The report leaves the exact magnitude of the risks of weaponization or ‘loss of control’ open-ended. However, once a base risk is fixed in your imagination, the Gladstone report adds evidence of a few exacerbating real-world factors:
1. Early research on AI systems shows signs of deceptive behaviors (loss of control)
2. AGI or human-level AI systems may be decades or months away, and no one seems to be sure exactly (loss of control)
3. Recent progress in AI research has been increasingly rapid (loss of control)
4. AI research labs like OpenAI, Google, and Anthropic are, anecdotally, acting recklessly with their research (loss of control) and security (weaponization)
5. AI research labs are incentivized by a race dynamic with the other AI research labs to move as fast as they can (loss of control and weaponization)
6. The development of very powerful AI systems cannot be effectively blocked once the data centers and other resources required to create them have improved beyond some threshold and proliferated around the world (loss of control and weaponization)
7. Current laws are unable to deter AI research labs from creating catastrophic harms (loss of control and weaponization)
The Harm Argument
The potential for harm is described in the Gladstone Report almost entirely by rhetorical insinuation: very powerful things can cause great harm. While AI systems today are not “very powerful”, they are more powerful now than they were in the past, and the report provides some reason to believe they will be yet more powerful in the future. As evidence of the trajectory of AI systems toward being “very powerful”, the authors cite the infamous Scaling Laws, and supporting anecdotal concerns from top AI researchers. This is not a totally unreasonable argument.
This 2020 Scaling Law paper, for instance, is no joke, and has held up from its release date to the present. Researchers studied LLMs over seven orders of magnitude in scale and observed “precise power-law scalings” for AI performance as a function of training time, dataset size, model size, and compute budget. There were “no signs of deviation from these trends on the upper end”. In simplified terms, this means with current algorithms, when more data is put into more computers, for more time, more capable AI reliable comes out.

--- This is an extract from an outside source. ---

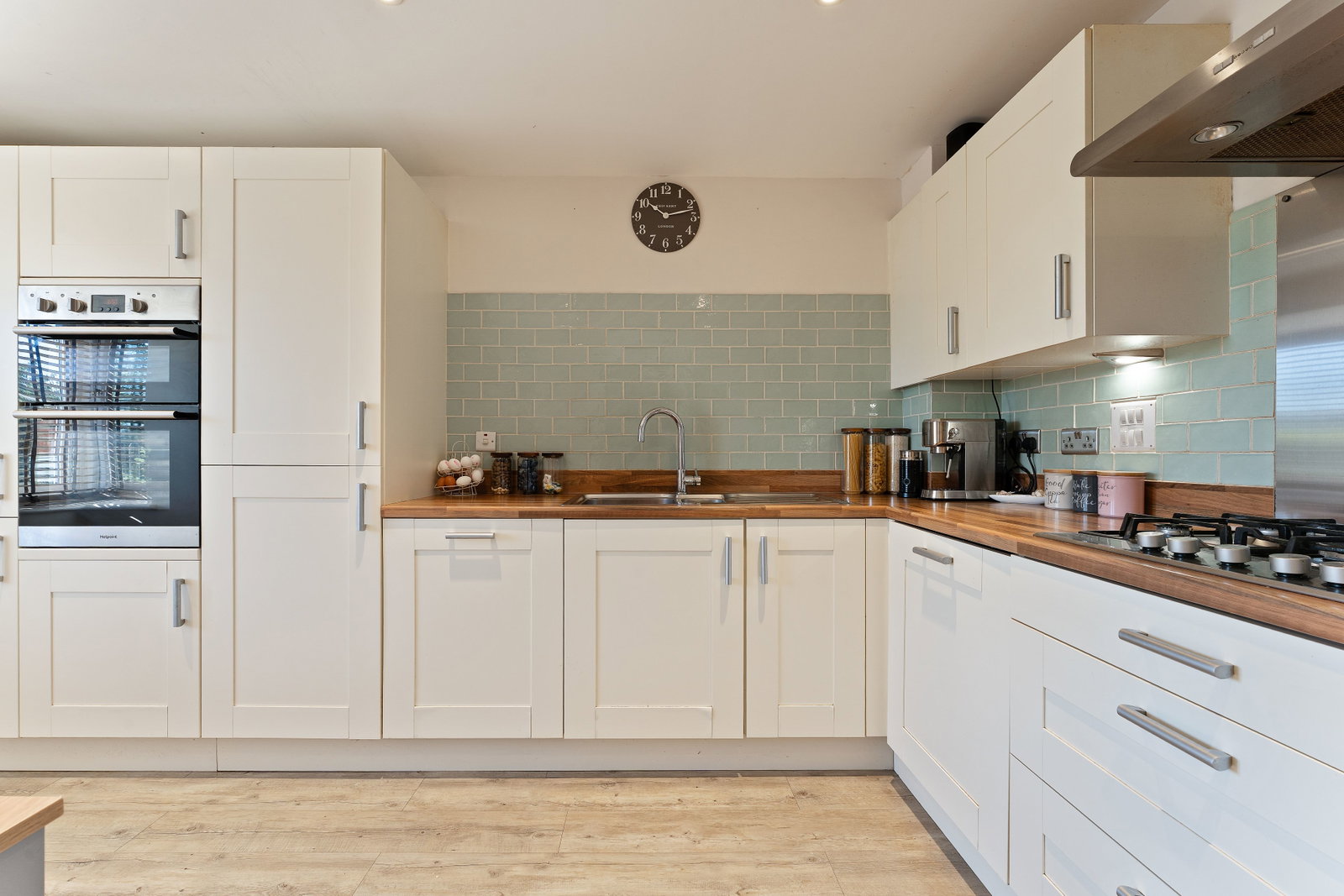 Detached House for sale in Salisbury, Pritchard Way, Amesbury, Salisbury, SP4, 1302 m²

Shockingly Powerful AI to National Legislation
A future AI powerful enough to motivate a government to intervene is sufficient for proactive regulation in the present. This is the missing piece of the puzzle in the Gladstone report. But what does AI “very powerful in the future” mean?
It means a shock. Shocks are sudden and intense disturbances – in this case, a disturbance in the present that changes what we believe about the future. I had such a shock last week after being introduced to the text to music generation service https://suno.com/
Text to dialogue, text to imagery, and text to video all seemed a part of the normal progress of things. For me, for some reason, text to music was different – unexpected. Not what I thought would happen. I’m a little unsure now of what could happen next.
We’re becoming inured to shocks from new AI technology. And yes, the US political landscape is especially tricky to navigate and bills in US are also notoriously hard to pass. And yes, the US has to work out how to reconcile different state approaches into a federal framework that doesn’t deeply scare its leading industries. All that said, if the scaling laws hold as new AI systems are increased in size by another few orders of magnitude, the suddenness with which the personal apprehensions among policymakers grow will determine whether there’s US government intervention.